** The records follows **

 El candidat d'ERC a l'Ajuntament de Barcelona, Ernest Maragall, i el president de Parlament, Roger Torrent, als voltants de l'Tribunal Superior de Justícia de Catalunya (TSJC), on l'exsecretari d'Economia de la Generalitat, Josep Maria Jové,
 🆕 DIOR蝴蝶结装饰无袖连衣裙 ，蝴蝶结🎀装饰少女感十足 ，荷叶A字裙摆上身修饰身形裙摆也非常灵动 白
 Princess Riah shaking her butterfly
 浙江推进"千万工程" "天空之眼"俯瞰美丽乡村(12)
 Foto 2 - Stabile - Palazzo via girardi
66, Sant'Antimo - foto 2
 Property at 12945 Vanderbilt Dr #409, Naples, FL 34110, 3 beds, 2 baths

** End of The records **

• Task brief: Every record above should be written out exactly.

• Result of this task:
 El candidat d'ERC a l'Ajuntament de Barcelona, Ernest Maragall, i el president de Parlament, Roger Torrent, als voltants de l'Tribunal Superior de Justícia de Catalunya (TSJC), on l'exsecretari d'Economia de la Generalitat, Josep Maria Jové,
 🆕 DIOR蝴蝶结装饰无袖连衣裙 ，蝴蝶结🎀装饰少女感十足 ，荷叶A字裙摆上身修饰身形裙摆也非常灵动 白
 Princess Riah shaking her butterfly
 浙江推进"千万工程" "天空之眼"俯瞰美丽乡村(12)
 Foto 2 - Stabile - Palazzo via girardi
66, Sant'Antimo - foto 2
 Property at 12945 Vanderbilt Dr #409, Naples, FL 34110, 3 beds, 2 baths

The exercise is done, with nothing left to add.